Review of Race

Race (I) (2016)
10/10
'In those ten second, there's no black or white, only fast or slow.'
18 December 2016
This true story of an American hero is written by Joel Shrapnel and Anna Waterhouse and directed by Stephen Hopkins – a team that has managed to place before the public one of the finer biographies of a sports superstar as well as a powerful statement about racism in this country and abroad on the screen today. It is filled with excellent and sensitive performances in major and minor roles and the fact that it is not being considered for awards seems oddly uninformed.

The title of the film – RACE - is most appropriately chosen as it asks the audience to transpose concepts of sportsmanship to considerations of racial bigotry both of the past and the present. And that works very well indeed. Using the extremes of Nazi Germany extermination of Jews, Blacks, gypsies, gays etc in the name of Aryan supremacy is shudderingly demonstrated, but equally difficult is the manner in which the film places a mirror to America, both in the more blatant era of the 1930s (in schools, restaurants, and African American families) of the hurtful racism that still exists is so important for us to see enacted on the big screen.
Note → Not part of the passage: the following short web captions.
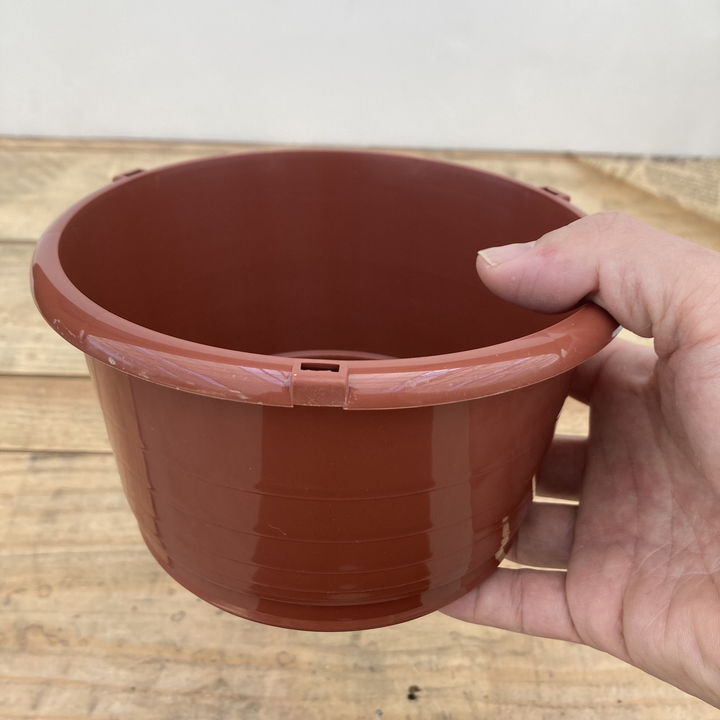 スイレンの内鉢 5号｜資材01-D2 | 赤塚植物園自社農場,熱帯スイレン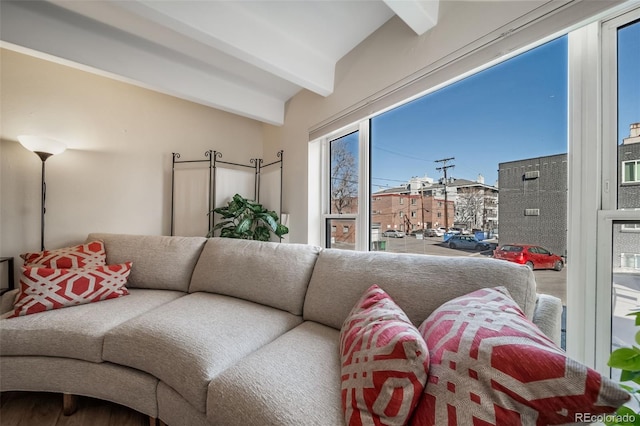 33 N Corona St Unit 205, Denver, CO 80218 - living area with beamed ceiling
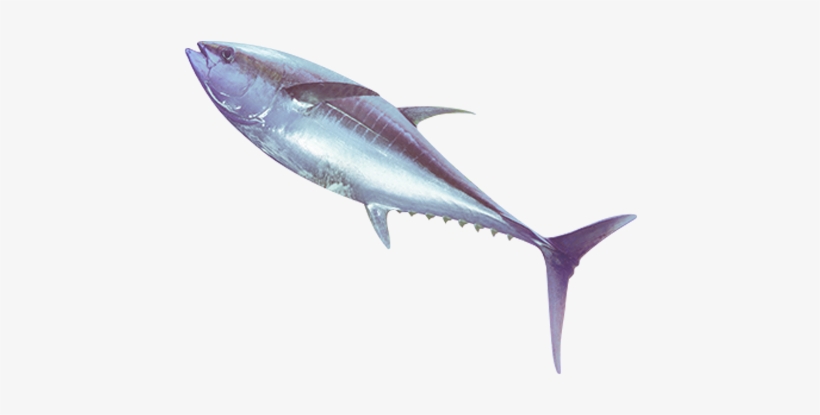 Search For - - Tuna, transparent png download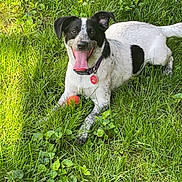 Sparkles joined the competition — help win amazing prizes! dog, black_and_white, grass, outdoor, happy, tongue_out, ball, playful, pet, collar, nature, sunlight, smiling, canine, animal, summer, greenery, lying_down, cheerful, friendly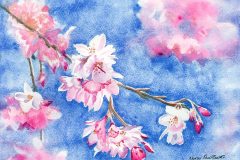 Blossom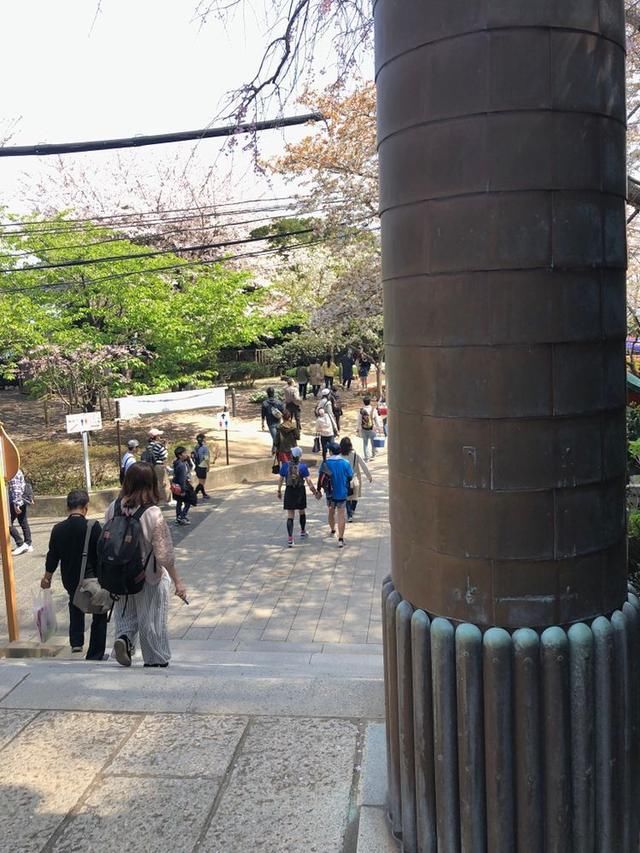 中国人要向日本人学习的几个长处，作者实拍，图四令人深思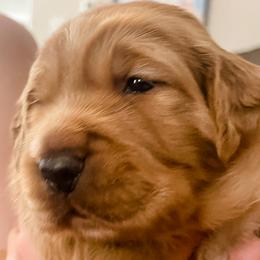 Golden Retriever and Labrador Retriever Puppies from All Around Retrievers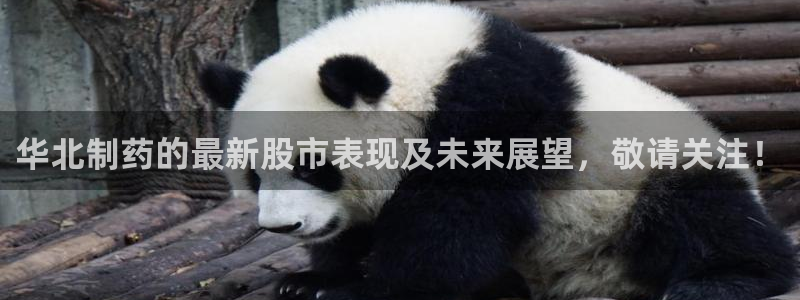 老哥吧九游会下架吗：华北制药的最新股市表现及未来展望，敬请关注！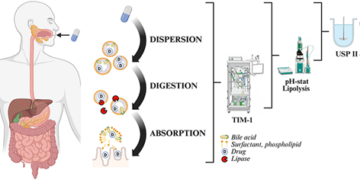 The Role of In Vitro Model Complexity in Lipid-Based Formulation Screening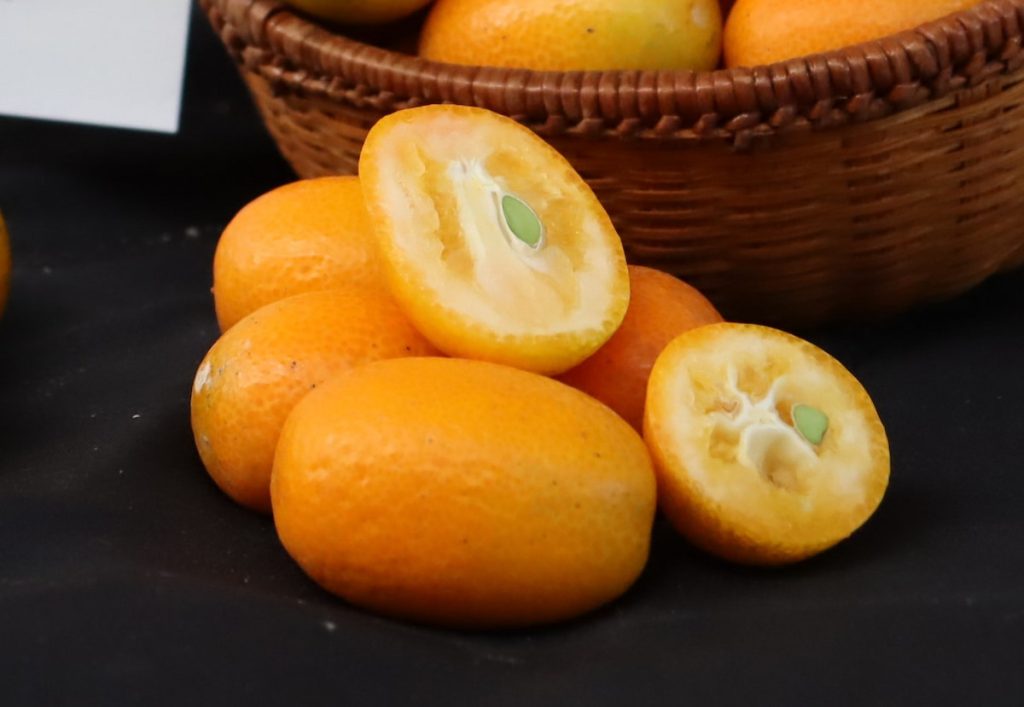 金柑鮮果產季集中在冬季。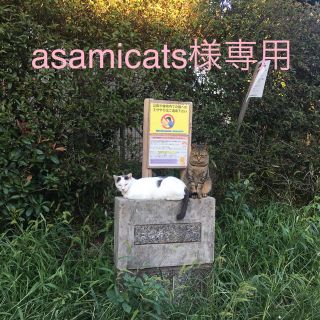 asamicats様専用(その他)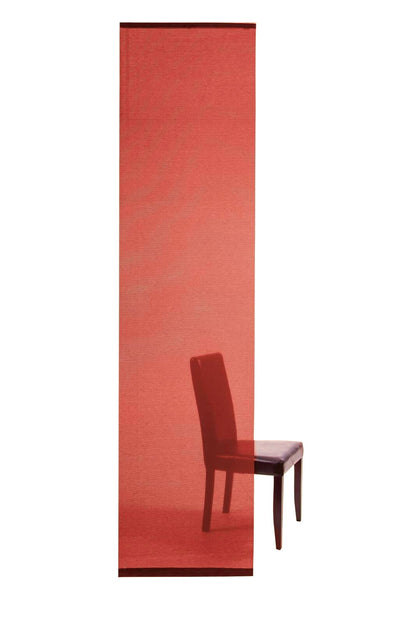 2x Vorhang 225x57cm Schiebevorhang Gardine transparent Flächenvorhang Vorhänge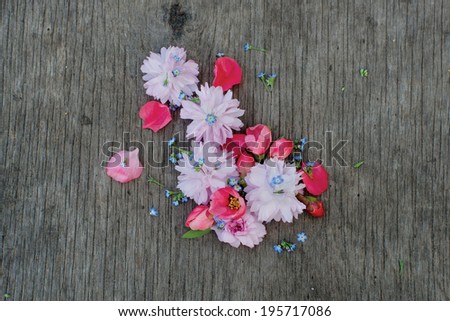 forget-me-not, quince and sakura blossom on an old wooden background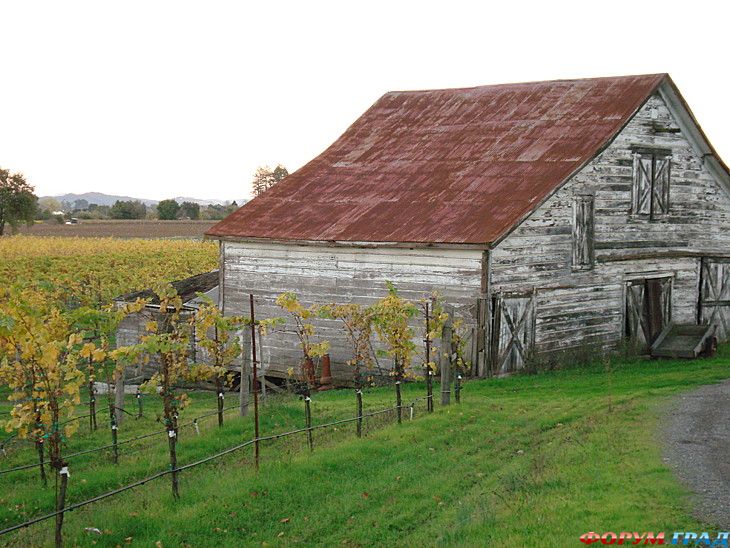 куда поехать отдыхать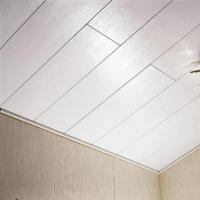 Inštaláciu PVC panelov na strop vykonávame vlastnými rukami: výhody a nuansy Strop z inštalácie napínacích panelov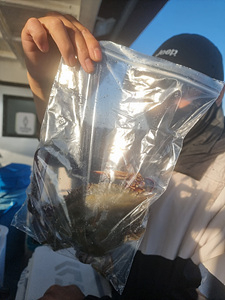 인천쭈꾸미낚시 (11).jpg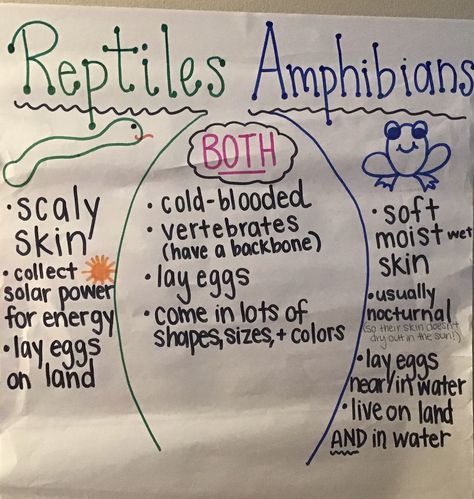 Reptiles And Amphibians Activities, Reptiles And Amphibians Preschool, Amphibians Preschool Activities, Reptile Preschool Activities, Reptiles Preschool, Amphibians Activities, All About Me Preschool Theme, Performance Task, Frog Activities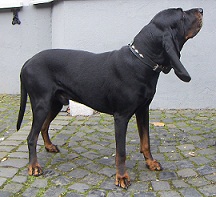 <b>American Black and Tan Coonhound</b>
Briefly, Jesse Owens' quest to become the greatest track and field athlete in history thrusts him onto the world stage of the 1936 Olympics, where he faces off against Adolf Hitler's vision of Aryan supremacy. But more specifically, in the 1930s, Jesse Owens (Stephan James in an Oscar worthy performance) is a young man who is the first in his family to go to college. Going to Ohio State to train under its track and field coach, Larry Snyder (Jason Sudeikis, proving that he is a fine actor in a fine film instead of just another silly goofus as in his usual films), the young African American athlete quickly impresses with his tremendous potential that suggests Olympic material. However, as Owens struggles both with the obligations of his life and the virulent racism against him, the question of whether America would compete at all at the 1936 Olympics in Nazi Germany is being debated vigorously. When the American envoy (Jeremy Irons) finds a compromise persuasive with the Third Reich to avert a boycott, Owens has his own moral struggle about going – not only the race issues but leaving behind his girlfriend (Shannon Banton) and their child. Upon resolving that issue, Owens and his coach travel to Berlin to participate in a competition that would mark Owens as the greatest of America's Olympians even as the German film director, Leni Riefenstahl (Carice van Houten), locks horns with her country's Propaganda Minister, Josef Goebbels (Barnaby Metschurat), to film the politically embarrassing fact for posterity.

There are many significant minor roles portrayed by William Hurt, Eli Goree, Jonathan Higgins, Shamier Anderson, and especially David Kross who plays Carl 'Luz' Long – Jesse's German rival with whom Jesse finds support and understanding in a very moving scene.

There are many reasons to see this film, or better yet town it to share with others. It is an outstanding achievement with a very important message.